Sur l'inscription dans la Constitution de l'état d'urgence, ses défenseurs mettent en avant le souci de mieux "encadrer" et éviter un "recours excessif" à ce régime d'exception, né en 1955 en pleine guerre d'Algérie et durci en novembre. Ses détracteurs la jugent au mieux inutile, au pire dangereuse pour les libertés publiques.
Mais c'est sur l'article 2 dédié à la déchéance de nationalité pour les terroristes que l'exécutif cherche depuis des semaines à résoudre la "quadrature du cercle": répondre autant à la contestation par une bonne part de la gauche de sa mesure initiale réservée aux seuls binationaux nés Français, qu'aux desiderata de la droite et du centre.
Une majorité des trois cinquièmes des suffrages exprimés au Parlement réunis en Congrès est requise pour ratifier la révision, à laquelle François Hollande veut adjoindre une réforme du Conseil supérieur de la magistrature.
La quête compliquée d'un compromis s'est traduite par plusieurs réécritures, pour retirer la référence à la binationalité, puis celle à l'apatridie dans le futur texte d'application. Pas encore assez pour certains socialistes - qui préfèrent par exemple une "déchéance nationale"- pour la majorité des écologistes et pour le Front de gauche.
Pour satisfaire certaines demandes, notamment de Nicolas Sarkozy, la déchéance a été élargie aux délits les plus graves. Sur la déchéance, le président du parti Les Républicains, toujours "favorable" pour les binationaux nés Français, a néanmoins jugé jeudi "difficile" d'avoir une position "définitive" vu les zigzags du texte.
Entre désaccords de principe et arrière-pensées sur la primaire, la droite n'est pas unie et seule "la moitié" des députés LR voterait actuellement la réforme, selon Philippe Gosselin. Le chef de file du groupe Christian Jacob n'a pas pris la parole, laissant parler autant de pour, comme Eric Ciotti, que de contre, comme Nathalie Kosciusko-Morizet. Et le président de l'UDI Jean-Christophe Lagarde a conseillé à Manuel Valls de renoncer à l'article sur la déchéance, "pas indispensable", pour obtenir un vote conforme de l'Assemblée et du Sénat sur l'état d'urgence.

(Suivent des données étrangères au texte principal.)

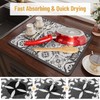 Avvrel Draining Mat, Super Absorbent Dish Drying Mat, Quick Dry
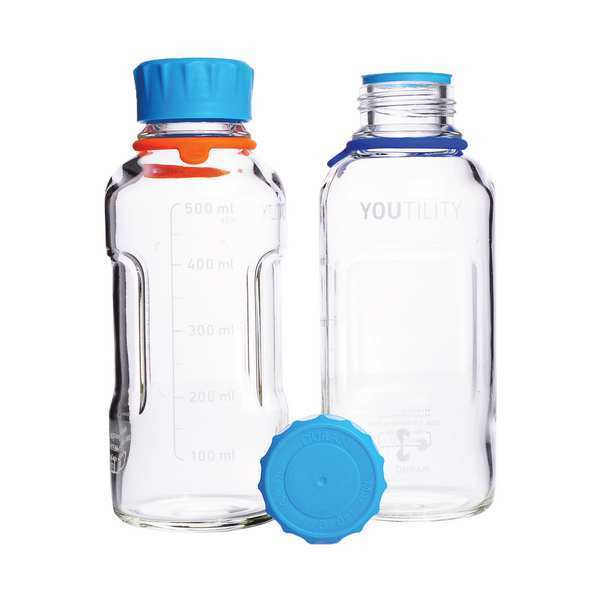 Bottle, 193 mm H, Clear, 78 mm Dia, PK4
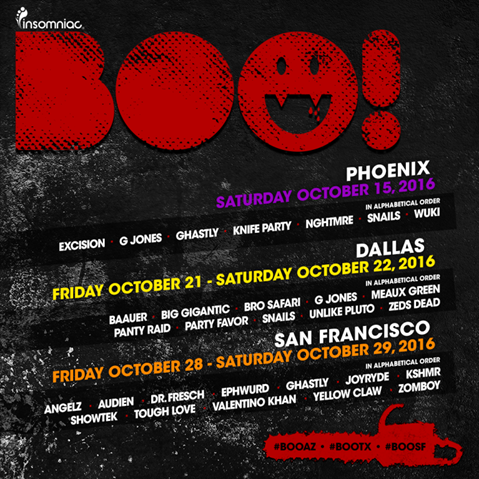 BOO! 2016 Festival Lineups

Le chef de file du Front de gauche André Chassaigne a dénoncé "des modifications de pures circonstances, dont l’utilité n’est pas avérée". Plus embarrassé, le radical de gauche Roger-Gérard Schwartzenberg, a jugé cet article 2 "encombrant" et renvoyé la position de son groupe après les débats. L'hypothèse d'un Congrès, espéré au printemps par l'exécutif pour ratifier ce qui serait la 22e révision constitutionnelle depuis 1958, reste donc incertaine.